Łączna liczba wyświetleń

niedziela, 14 października 2012

Brak weny

Totalnie nie mam weny do słowa pisanego. I szczerze mówiąc nawet nie chce mi się zabrać za czytanie. Leży na półce trzecia część opowieści o Baśnioborze, na stoliku wala się Terzani „Nic nie zdarza się przypadkiem”, pod stolikiem czeka „Ginefobia w kulturze hinduskiej”, pokryła się kurzem.
Przeglądam net, wściekając się na notorycznie zawieszającego się explorera. I jedynie z dużą przyjemnością czytuję Lucjanowi każdego wieczoru Grzegorza Kasdepke. Stał się naszym domowym autorem, uwielbiamy jego książki i podejrzewam, że na targach zaopatrzymy się głównie w literaturę dla Lu.
Próbuję poznać mój własny ogród, chociaż żyje on głównie własnym życiem. Poznaję też dom w zmieniających się temperaturach. Jeszcze nie włączyłam kaloryferów dzielnie oszczędzając, od czasu do czasu palę w kominku. Przyszedł rachunek za prąd i jeszcze dychamy, nie jest źle. Mimo, że któregoś upalnego dnia byłam przekonana, że nadeszło klimakterium. Każda wizyta w toalecie na dole kończyła się zlewnymi potami. Było gorąco, na zewnątrz w słońcu ponad 40 stopni, zachodziło słońce a my od zachodu mamy okna wystawowe, więc siedząc w jadalni można się opalić na brązowo, ale co z tym kiblem? Znów poszłam umyć ręce, wracam mokra. Nic tylko klimakterium. I wtedy wrócił mój mąż i zdziwiony zapytał mnie, w jakim celu włączyłam grzejniki w ubikacji? Ja? Oczywiście sprawca zamieszania spokojnie bawił u sąsiadów, gdzie ma zaprzyjaźnioną rówieśniczkę. Teraz już pilnuję wszelakich kontaktów. Ostatnio przy wieczornym obchodzie stwierdziłam, że ktoś nam podłożył tykająca bombę w kuchni. To zegar w piekarniku, tylko czy przyjmą to w ramach gwarancji?
Nadal szukam pomysłu na własną działalność, bo na etat chyba szans nie mam.
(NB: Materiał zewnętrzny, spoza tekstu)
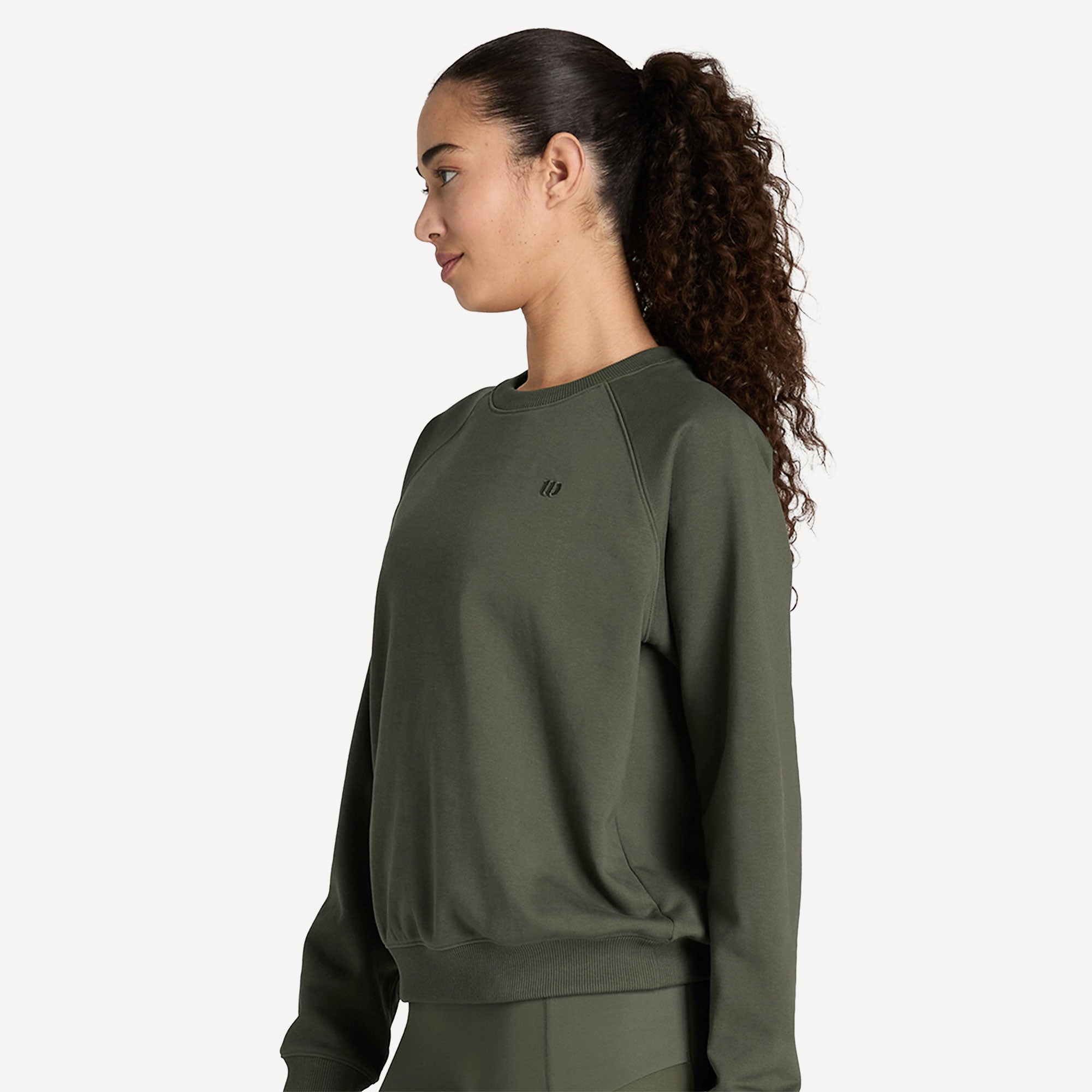 Wilson Classic Women's Tennis Sweater - Green (3)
Dowiedziałam się, że do biblioteki publicznej to może ktoś mnie przyjmie, ale nie po moich studiach, bo skończyłam podobno bibliotekarstwo szkolne (na UP), bibliotekarstwo ogólne w modzie jest tylko to na UJ. No cóż, z modą zawsze było u mnie na bakier.
Zaczęliśmy już sezon chorobowy. Dziadek z grubej rury- usunęli mu woreczek żółciowy, Lucjan też poszedł na ostro, kończy drugi antybiotyk, pierwszy miał we wrześniu. Tym razem pokotem położył siebie i całą rodzinę. W domu brakuje nam jeszcze tylko mojej babci, ale ta chwilowo woli podziwiać Giewont ze swojego okna, chociaż odgraża się, że jak przyjdzie rachunek za prąd zgłosi chęć przeprowadzki do nas. A my planujemy też jeszcze jednego domownika, kota syberyjskiego. Musimy się tylko przekonać czy nasza astma i kot będą wzajemnie żyć.